§ **Description of the task**:
Go through the entries and set each one down exactly.
Entries supplied: Begin
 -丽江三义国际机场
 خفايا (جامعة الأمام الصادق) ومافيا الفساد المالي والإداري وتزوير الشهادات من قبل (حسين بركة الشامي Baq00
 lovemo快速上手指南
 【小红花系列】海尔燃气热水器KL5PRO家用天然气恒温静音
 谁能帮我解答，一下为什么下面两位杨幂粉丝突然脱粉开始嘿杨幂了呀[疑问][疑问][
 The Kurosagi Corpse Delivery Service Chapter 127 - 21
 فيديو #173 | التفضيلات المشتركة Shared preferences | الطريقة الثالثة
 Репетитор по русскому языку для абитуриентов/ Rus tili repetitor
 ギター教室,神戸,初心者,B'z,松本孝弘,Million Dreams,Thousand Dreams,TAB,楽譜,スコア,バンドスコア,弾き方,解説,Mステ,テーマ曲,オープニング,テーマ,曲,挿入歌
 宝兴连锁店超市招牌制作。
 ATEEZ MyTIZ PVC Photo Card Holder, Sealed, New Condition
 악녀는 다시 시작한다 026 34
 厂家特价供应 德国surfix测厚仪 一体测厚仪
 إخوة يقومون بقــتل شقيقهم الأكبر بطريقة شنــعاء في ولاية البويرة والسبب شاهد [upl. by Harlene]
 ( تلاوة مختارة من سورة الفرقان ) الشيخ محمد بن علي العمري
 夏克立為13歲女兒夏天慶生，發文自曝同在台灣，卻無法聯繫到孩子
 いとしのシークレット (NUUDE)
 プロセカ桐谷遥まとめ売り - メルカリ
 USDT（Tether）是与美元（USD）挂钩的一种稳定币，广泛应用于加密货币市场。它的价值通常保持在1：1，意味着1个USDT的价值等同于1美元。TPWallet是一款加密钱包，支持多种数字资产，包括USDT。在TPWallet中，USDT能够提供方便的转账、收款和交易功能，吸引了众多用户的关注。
Entries supplied: End
§ **Solution to this problem**:
 -丽江三义国际机场
 خفايا (جامعة الأمام الصادق) ومافيا الفساد المالي والإداري وتزوير الشهادات من قبل (حسين بركة الشامي Baq00
 lovemo快速上手指南
 【小红花系列】海尔燃气热水器KL5PRO家用天然气恒温静音
 谁能帮我解答，一下为什么下面两位杨幂粉丝突然脱粉开始嘿杨幂了呀[疑问][疑问][
 The Kurosagi Corpse Delivery Service Chapter 127 - 21
 فيديو #173 | التفضيلات المشتركة Shared preferences | الطريقة الثالثة
 Репетитор по русскому языку для абитуриентов/ Rus tili repetitor
 ギター教室,神戸,初心者,B'z,松本孝弘,Million Dreams,Thousand Dreams,TAB,楽譜,スコア,バンドスコア,弾き方,解説,Mステ,テーマ曲,オープニング,テーマ,曲,挿入歌
 宝兴连锁店超市招牌制作。
 ATEEZ MyTIZ PVC Photo Card Holder, Sealed, New Condition
 악녀는 다시 시작한다 026 34
 厂家特价供应 德国surfix测厚仪 一体测厚仪
 إخوة يقومون بقــتل شقيقهم الأكبر بطريقة شنــعاء في ولاية البويرة والسبب شاهد [upl. by Harlene]
 ( تلاوة مختارة من سورة الفرقان ) الشيخ محمد بن علي العمري
 夏克立為13歲女兒夏天慶生，發文自曝同在台灣，卻無法聯繫到孩子
 いとしのシークレット (NUUDE)
 プロセカ桐谷遥まとめ売り - メルカリ
 USDT（Tether）是与美元（USD）挂钩的一种稳定币，广泛应用于加密货币市场。它的价值通常保持在1：1，意味着1个USDT的价值等同于1美元。TPWallet是一款加密钱包，支持多种数字资产，包括USDT。在TPWallet中，USDT能够提供方便的转账、收款和交易功能，吸引了众多用户的关注。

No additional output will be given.